Remember Sam. You love dancing. You chose this.
He sighed, letting the adrenaline and fatigue fade from his system. He needed to treasure these moments of quiet. Soon his brother will be home from football and his dad will be calling from the base. Dean will want to take a look at his ankle (even though there is nothing he can do for it that Sam hasn't already done) and Dad will want to know all about the "soccer" accident that caused this injury. It'll be a whole thing that Sam is frankly not in the mood for right now. It's bad enough to have to lie to his family about his favourite thing. It's a whole different thing to make up lies for a sport he knows nothing about and really doesn't care for. The good thing is at least Dad and Dean don't know or care that much about soccer either so they believe him.
Take me to church starts to ring in his ears and he smiles. The memory of the video plays in his mind Sergei Polunin, rebelling against gravity, against his aching joints, the beat of the song. Against everything but his own heartbeat. He knew, Sam could tell. He knew what if felt like to fly, to defy the world and leave it all behind. Others achieved it through imagination, fantasy, escape. Sam could do it literally. That's why he danced. That's why he endured black toenails and aching feet, stupid dance partners and unrelenting teachers. That's why he went to ballet, learnt belly dancing for a year, slipped in to jazz classes and watched hours of hip hop online until he taught himself the moves. Because in the moment when the music held him up, the steps all went right and his body moved just the way it should… he was limitless. A miracle. More than Sammy the little brother, the nerd, the son who wasn't manly enough, the shy one, the drifter, the motherless. He was light and grace, geometry and movement. Incarnate kinetic potential.
The creak of the opening door has him thumbing away his playlist and sitting up. The pain in his foot flares and he grits his teeth.
"Sammy!" Dean bursts through the door, reeking of sweat and dirt. "How was practice?"
"Fan-fucking-tastic" Sam replies with clenched jaw.
"Jeez! How did you do that?" Dean rushed to his side, peering over his foot like Sam knew he would. To be fair, it did look pretty beat up.
"Hold on, Dad's calling, I'll tell you both the story as the same time" Sam clicked onto the skype icon on his laptop and answered the call. "Hi Dad"
"Sam's telling us how he hurt his ankle" Dean called, leaning over the sofa to get his father's attention
"Botched a slide tackle trying to keep Simon from scoring" Sam told the screen.

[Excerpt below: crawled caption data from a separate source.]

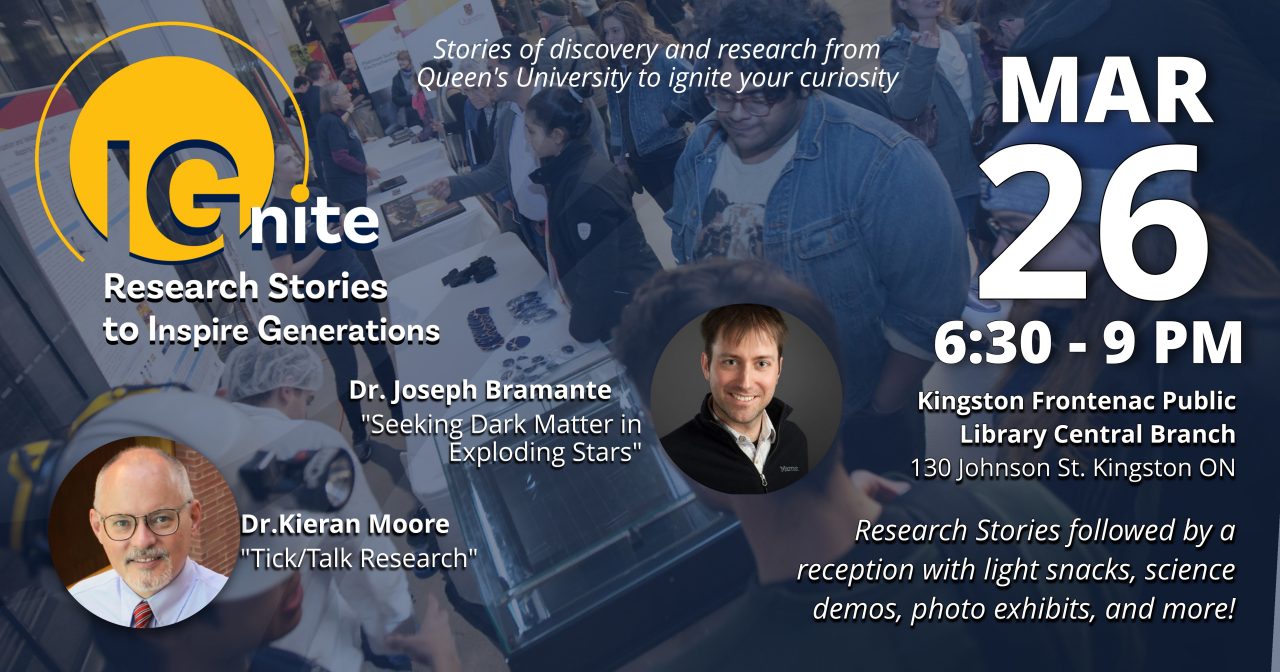 IGnite research stories to inspire generations, March 26 6:30-9 pm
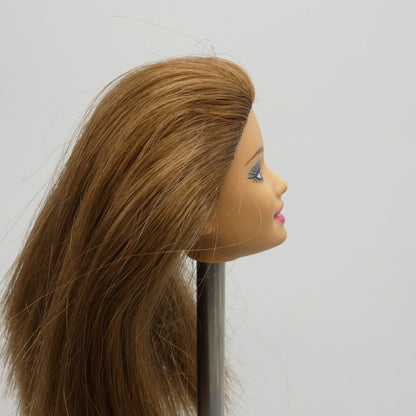 Barbie Fashionistas Swappin' Styles Doll Head Summer Face Brown Hair 2011 V4092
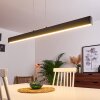 Poroporo Lámpara Colgante LED Negro, 1 luz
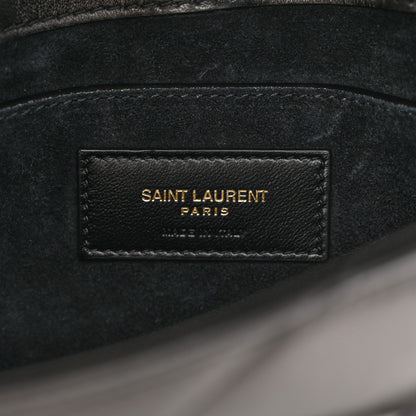 Saint Laurent Lambskin Quilted Le 57 Diamond Shoulder Bag Black 6 of 9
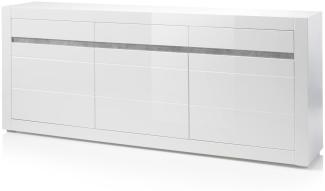 'CARAT' Sideboard Weiß/ Beton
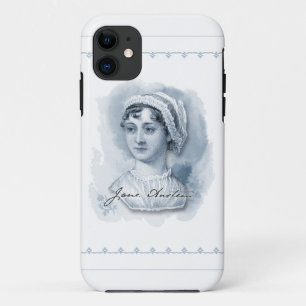Funda Para iPhone 11 Retrato y firma de Jane Austen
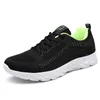 2024 Spring Summer New Black Shock Absorbing Running Shoes with Breathable and Durable Mesh Surface for Men's Casual Running Shoes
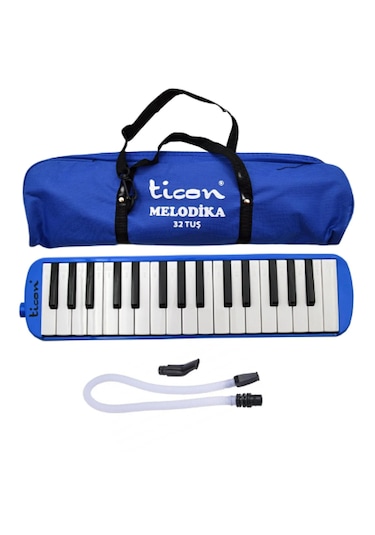 Ticon Mavi 32 Tuşlu Çantalı Melodika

"Did it work?" his father asks mildly, his son's injury only minorly interesting.
Sam smiled and nodded. While if he was going to pretend to play soccer he may as well pretend to be good at it.

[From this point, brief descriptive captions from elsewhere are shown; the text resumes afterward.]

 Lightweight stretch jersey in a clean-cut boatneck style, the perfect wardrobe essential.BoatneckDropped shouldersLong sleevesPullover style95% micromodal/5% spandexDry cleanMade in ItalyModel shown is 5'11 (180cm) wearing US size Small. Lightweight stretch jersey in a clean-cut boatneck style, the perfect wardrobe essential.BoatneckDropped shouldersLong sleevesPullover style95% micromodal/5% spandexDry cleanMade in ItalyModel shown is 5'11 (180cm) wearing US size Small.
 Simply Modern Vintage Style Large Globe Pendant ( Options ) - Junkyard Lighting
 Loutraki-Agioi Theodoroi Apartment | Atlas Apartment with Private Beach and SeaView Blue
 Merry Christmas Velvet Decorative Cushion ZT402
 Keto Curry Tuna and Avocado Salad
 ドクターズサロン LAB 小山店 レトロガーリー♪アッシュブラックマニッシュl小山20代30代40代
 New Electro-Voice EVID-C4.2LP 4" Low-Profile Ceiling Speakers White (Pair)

"Well that's something" John smiled briefly before looking to Dean. "How was football?"
"So good! My tackles are so much better since we ran those drills Dad" Dean whapped his brother on the arm, ignoring the glare he got in return. "This old geezer really knows a thing or two"

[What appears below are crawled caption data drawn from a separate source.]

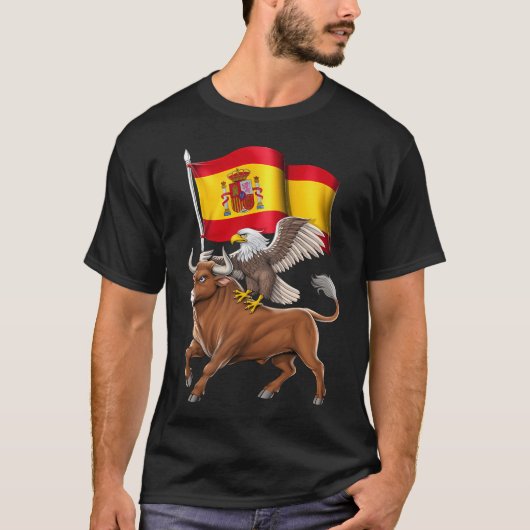 スペイン雄牛と鷲 Tシャツ (正面)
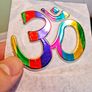 Beautiful OM symbol self adhesive sticker Ohm Aum Image 2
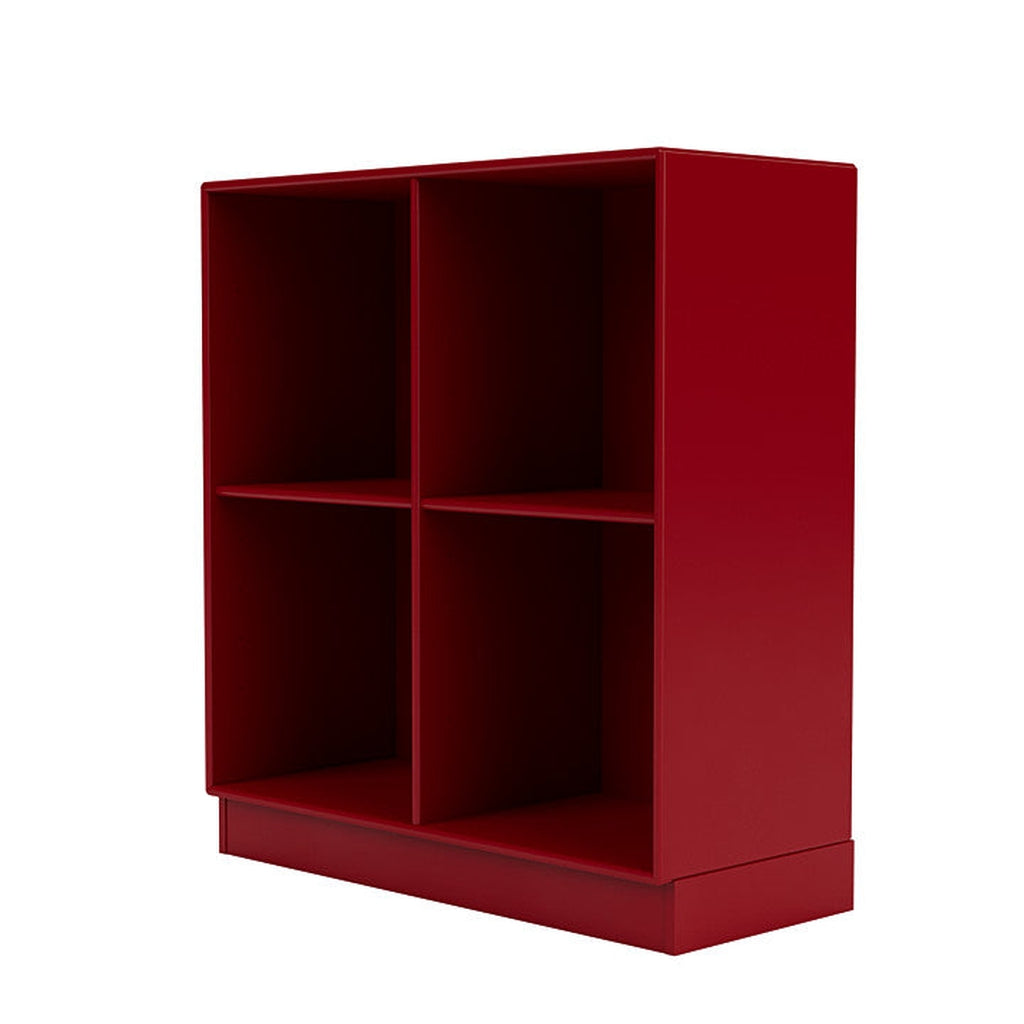 Montana Show bokhylla med 7 cm piedestal, rödbetor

"If you want any more help you'll quit it with the old geezer shit" John said gruffly but Dean kept on grinning.
Sam sighed minutely, pulling his leg of the cushion, gathering up his things and hobbling away to his room. Dad and Dean, who are going through his practice drills play by play, don't even see him leave.
He flops down onto his bed but doesn't bother re-icing his ankle. It just needs rest and is already less painful than it was originally. He got his dance gear out of his bag and put it with the rest of things to cart to the laundromat tomorrow. He spends the rest of the afternoon working on homework until the food Dad ordered for dinner arrives. As he expected, no one asks him anything more about "soccer practice".